== Action item ==
Leave out all pictures. Extract exactly the lines from the one containing "Vietnamese Mossy Frog" through the end of the data.

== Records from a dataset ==
'''

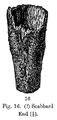 Scabbard end - Ballinaby Grave 1 (Anderson 1880).JPG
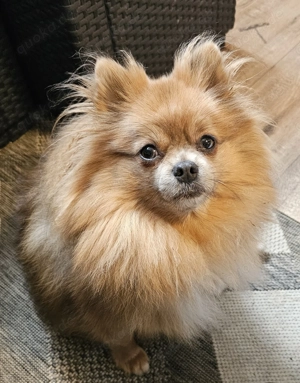 Reinrassige Pomeranian Zwergspitz Hündin Merle sucht ein Zuhause 
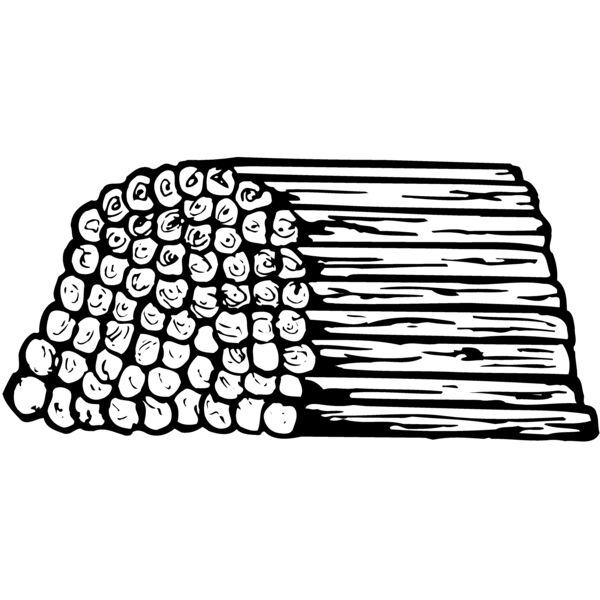 TIMBER11 Miniaturansicht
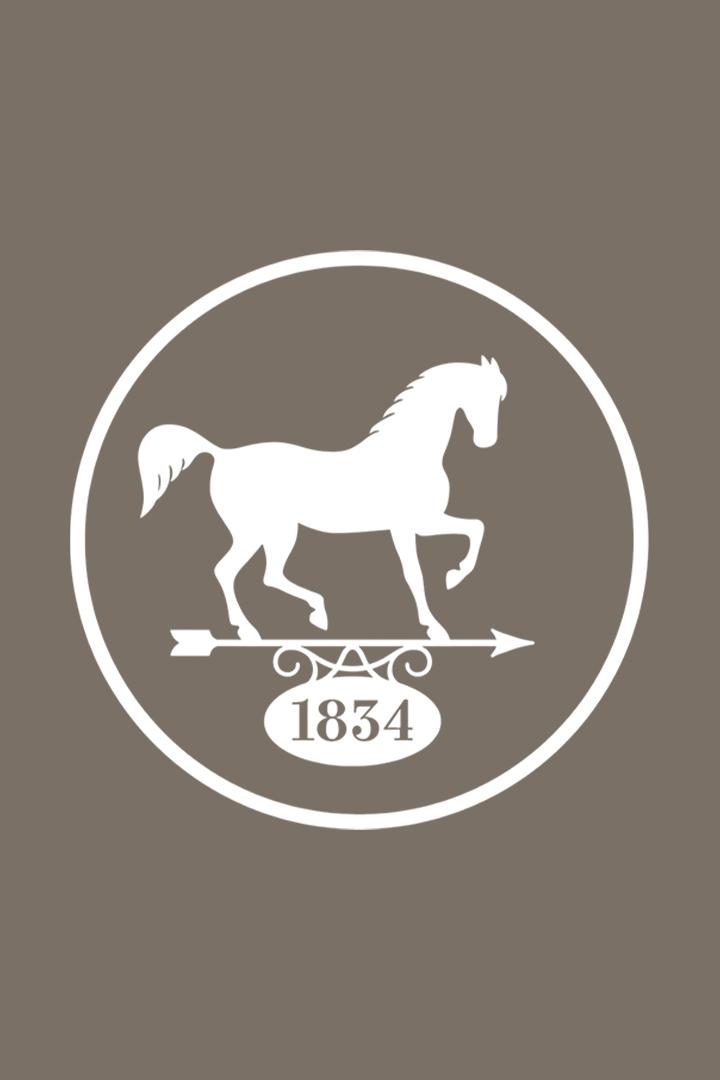 Скачки на Приз Президента Российской Федерации. 2018 год. Трансляция из Москвы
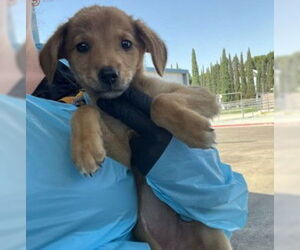 German Shepherd Dog-Unknown Mix Dogs for adoption in Fremont, CA, USA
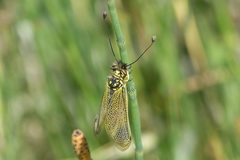 Libelloides ictericus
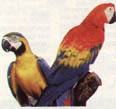 papageien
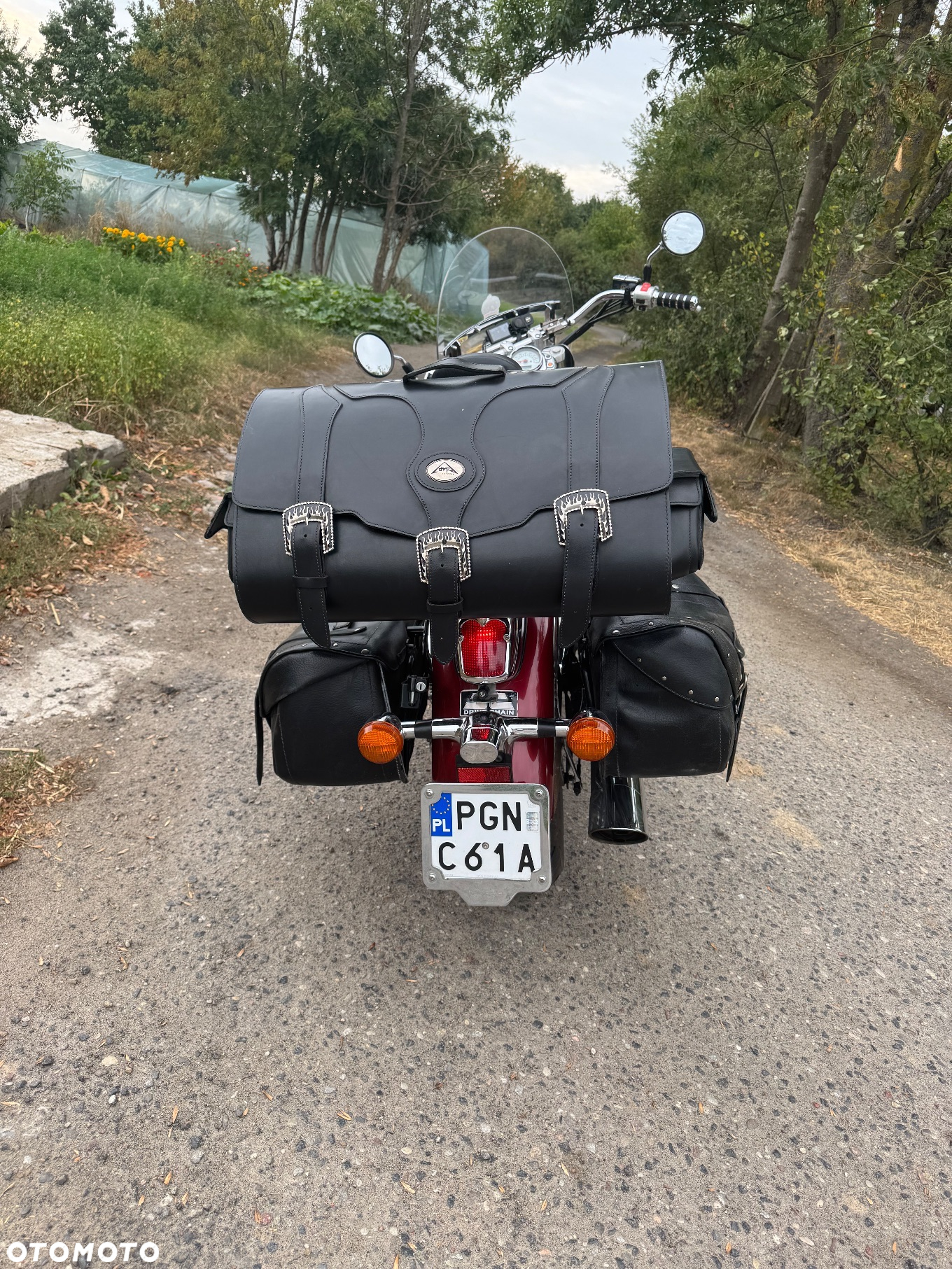 Honda Shadow - 5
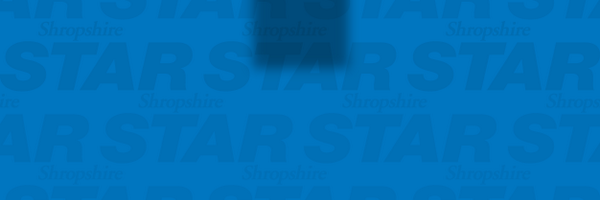 SueAustin_Star Profile Banner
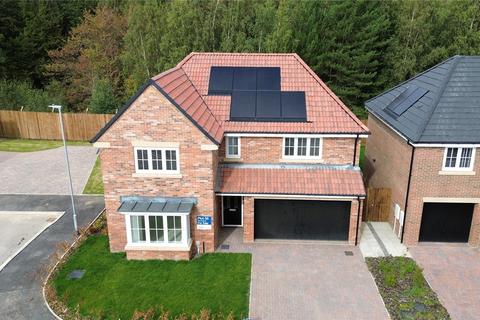 undefined, Crossthwaite Drive, Eaglescliffe
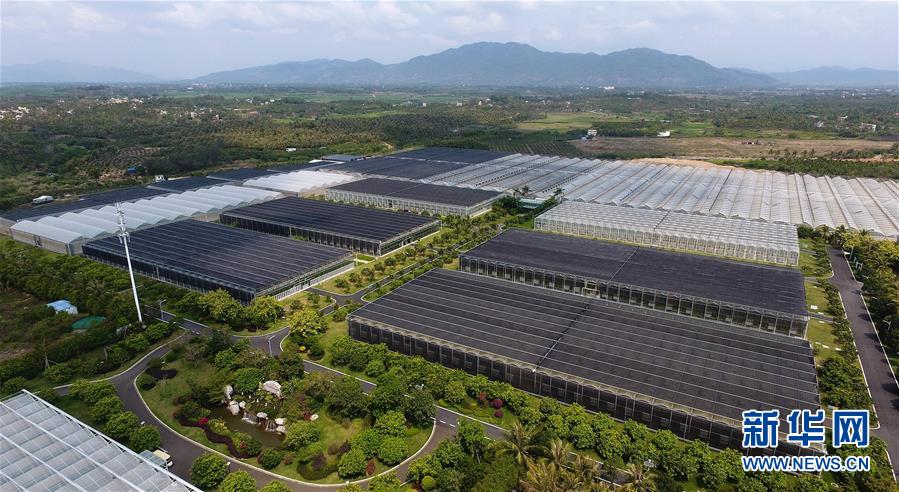 (社會(huì))(4)科技助力海南現(xiàn)代農(nóng)業(yè)發(fā)展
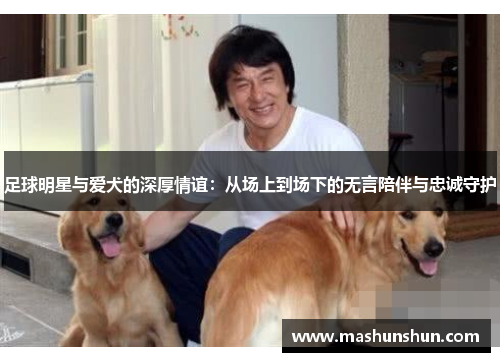 足球明星与爱犬的深厚情谊：从场上到场下的无言陪伴与忠诚守护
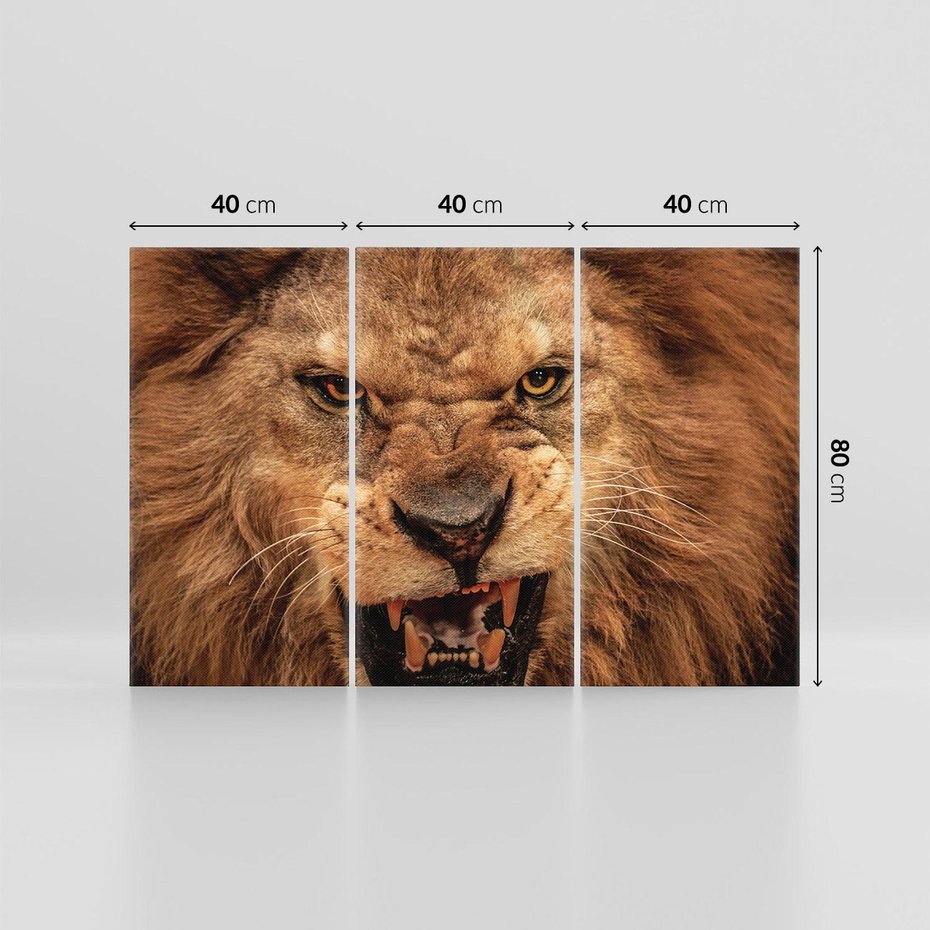 Obraz na płótnie 120x80 - Władca Sawanny - lew, sawanna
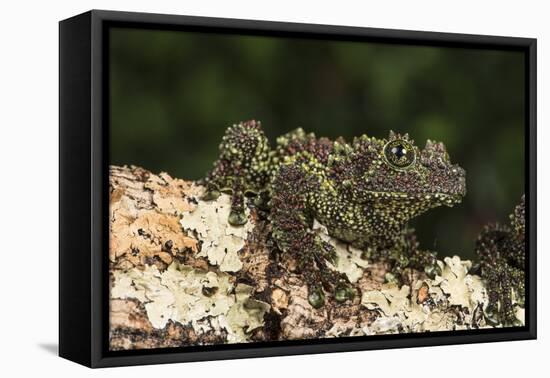 Vietnamese Mossy Frog (Theloderma Corticale), captive, Vietnam, Indochina, Southeast Asia, Asia-Janette Hill-Framed Stretched Canvas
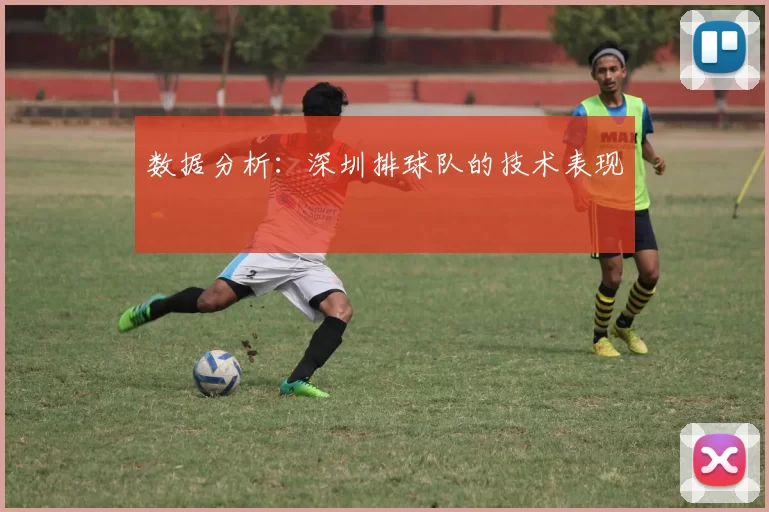 数据分析：深圳排球队的技术表现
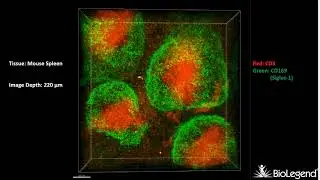 3-D IHC: Mouse spleen - CD3, CD169 (Siglec-1)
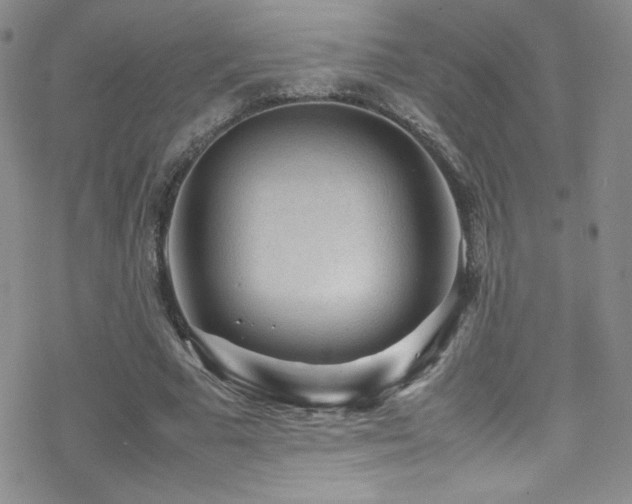 X0000070410681200606091152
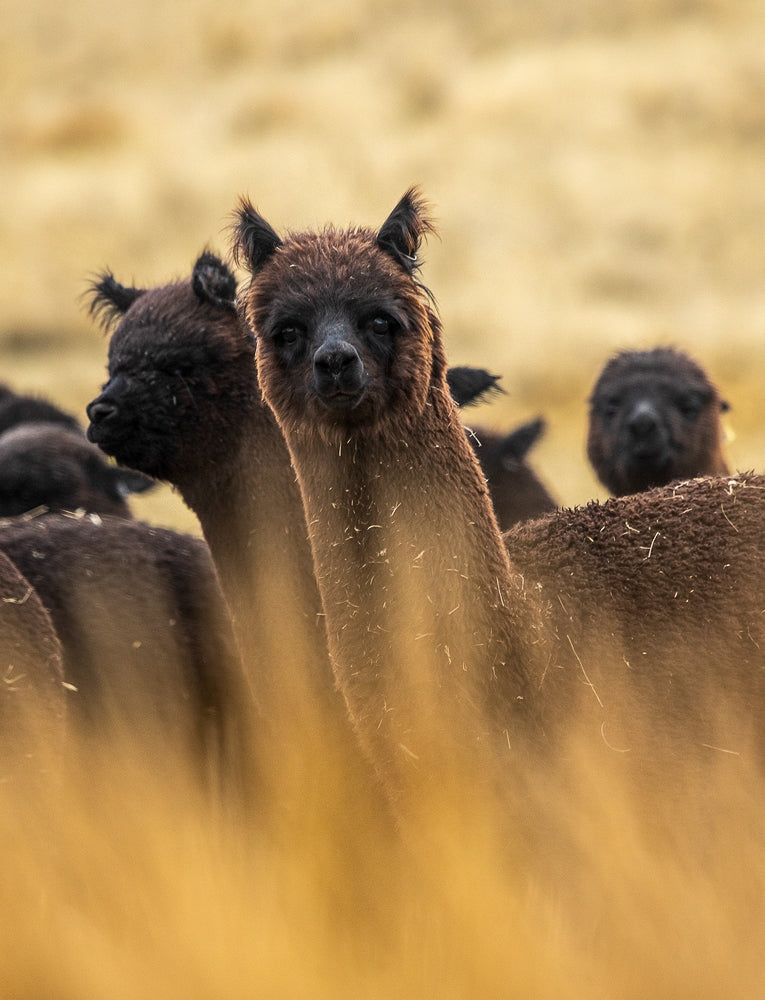 Simply Alpaca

'''

== Written reply ==
 Vietnamese Mossy Frog (Theloderma Corticale), captive, Vietnam, Indochina, Southeast Asia, Asia-Janette Hill-Framed Stretched Canvas
 数据分析：深圳排球队的技术表现
 3-D IHC: Mouse spleen - CD3, CD169 (Siglec-1)
 X0000070410681200606091152
 Simply Alpaca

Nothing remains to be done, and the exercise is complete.